High Performance Git

Section IV · Large-Repo Operations, Transport, and Scale

Chapter 14

Clone, Fetch, Push, Protocol v2, and Bundle Seeding

Pencil sketch of a harbor shoreline with docks, pilings, boats, and waterfront buildings.

A slow clone, slow fetch, and slow push all involve the same data (refs, reachability, pack generation, pack transfer), but they do not go wrong the same way.

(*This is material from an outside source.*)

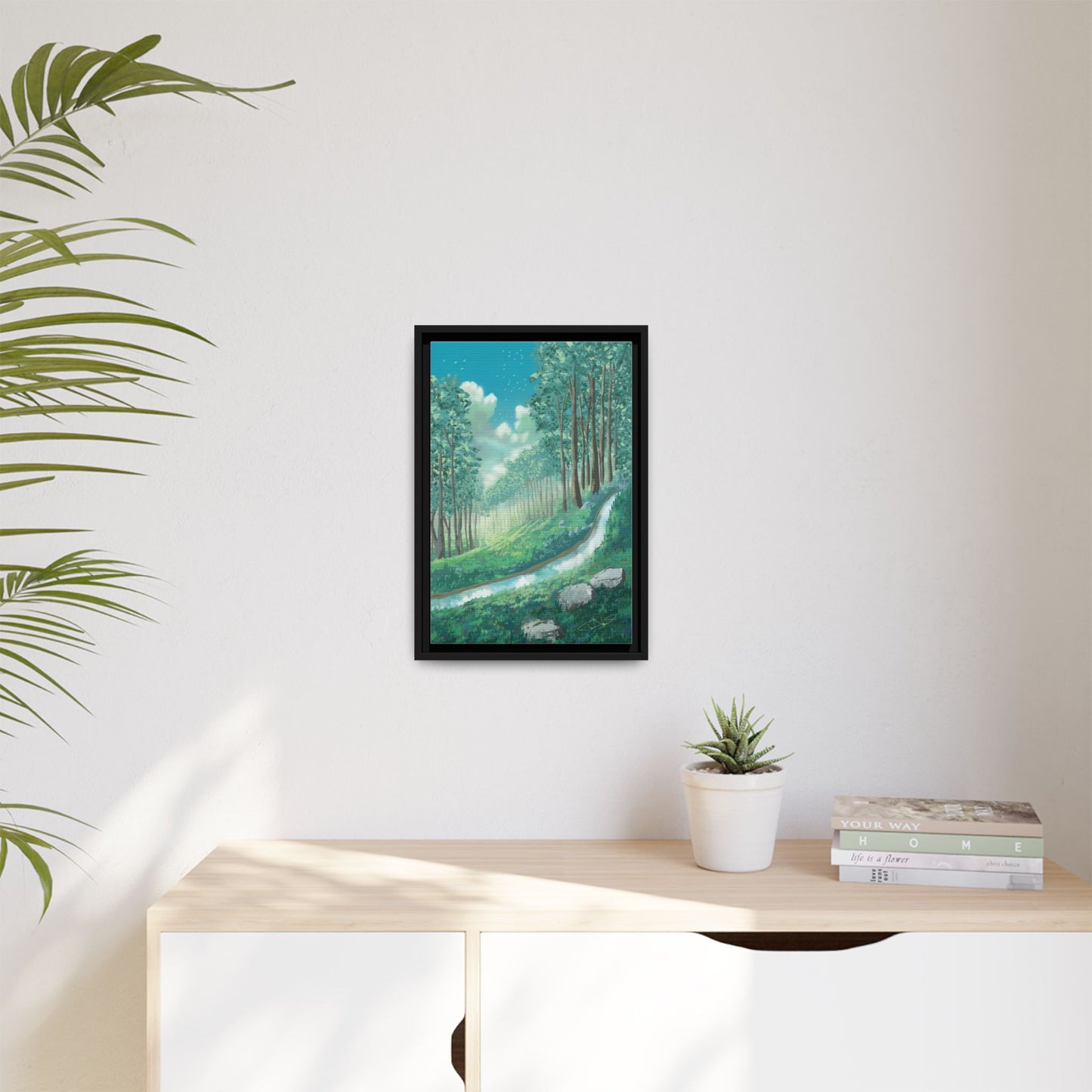 "Summer Stream" Framed canvas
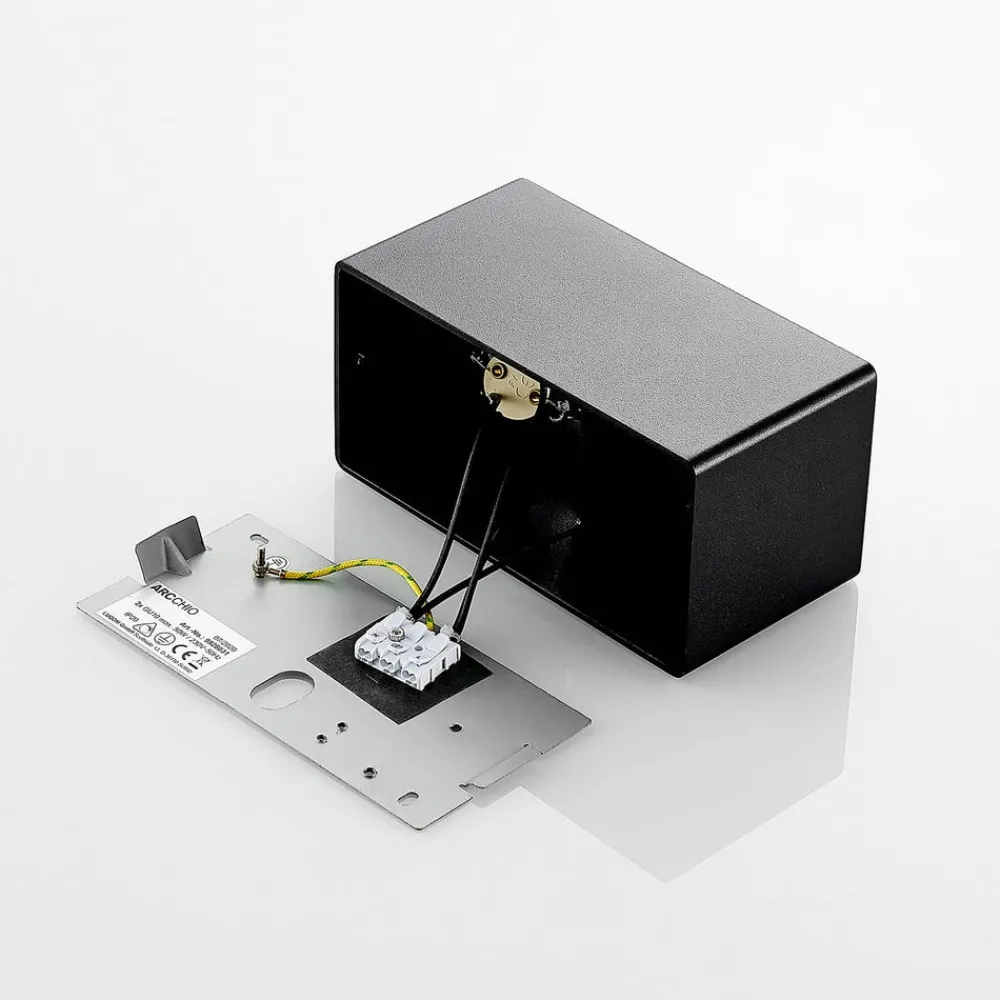 Loftlamper|Loftlamper ^ Arcchio Kubika downlight, 19 cm, sort, 2 lyskilder, metal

Clone Is Initial Setup, and Checkout Is Its Own Cost

git clone creates a local repository from a remote source. A typical clone includes repository initialization, negotiation and transfer of objects, ref setup, and a working-tree checkout unless you asked otherwise. Clone latency comes from several independent costs that can each dominate: network round trips, server-side pack generation or bundle seeding, object transfer, local pack registration, and initial checkout cost. The network gets blamed first, but the initial checkout is often its own cost, because after the pack arrives Git may still need to:

So a clone can feel slow even when the transfer itself was reasonable. Several earlier features change different parts of that cost, and they should not be blurred together:

One changes when files are written, one changes which files are written, and one changes which objects arrive at all.

You can separate transfer cost from checkout cost with two traced clones:

GIT_TRACE2_PERF=/tmp/clone-full.perf git clone URL repo
GIT_TRACE2_PERF=/tmp/clone-nocheckout.perf git clone --no-checkout URL repo-nc

The second run still pays for negotiation and object transfer, but it defers working-tree materialization. The gap between those traces is often local checkout work, with wire time mostly subtracted out.

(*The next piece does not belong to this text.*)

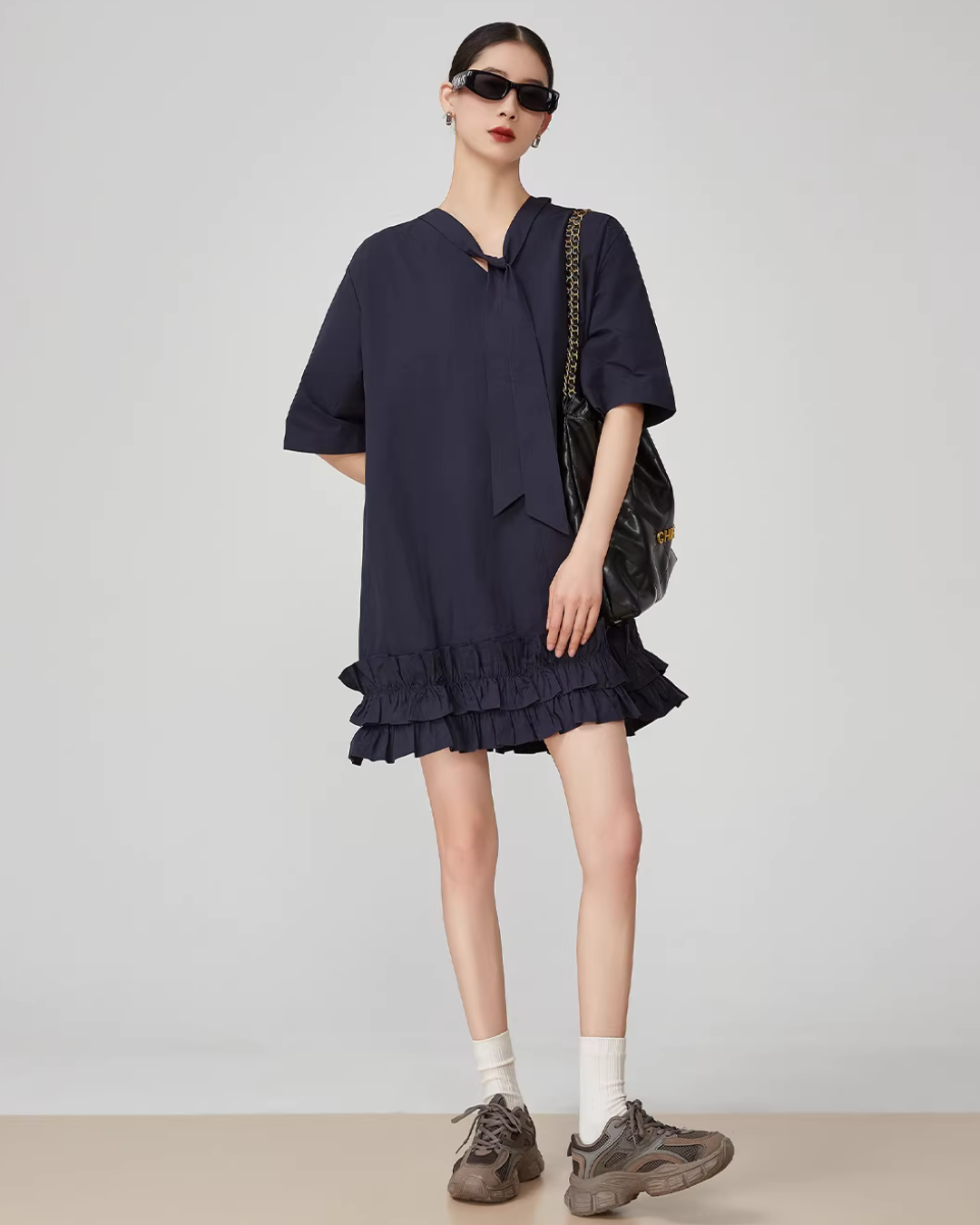 Bow-tie Hem Frill Mini Dress FER0103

Bundle Seeding Makes Repeated Clones Cheaper

Bundle
Single file containing Git pack data plus ref tips and prerequisite commit IDs. It may be self-contained (no prerequisites) or incremental (requires prerequisite commits in the destination repository).

A git bundle is a Git-native transfer artifact: pack data plus enough ref metadata for Git to verify and apply it. Many clone-heavy environments keep transferring the same base history:

If origin keeps generating or restreaming that same base, you are doing the same work over and over, and a bundle lets you precompute it once and distribute it from somewhere cheaper. The oldest use case was offline transfer:

git bundle create repo.bundle --all
git bundle verify repo.bundle
git clone repo.bundle repo-from-bundle

The more interesting performance use case is clone-time seeding.

Bundle URI
Clone-time mechanism for seeding repository data from a bundle location before normal fetch negotiation continues.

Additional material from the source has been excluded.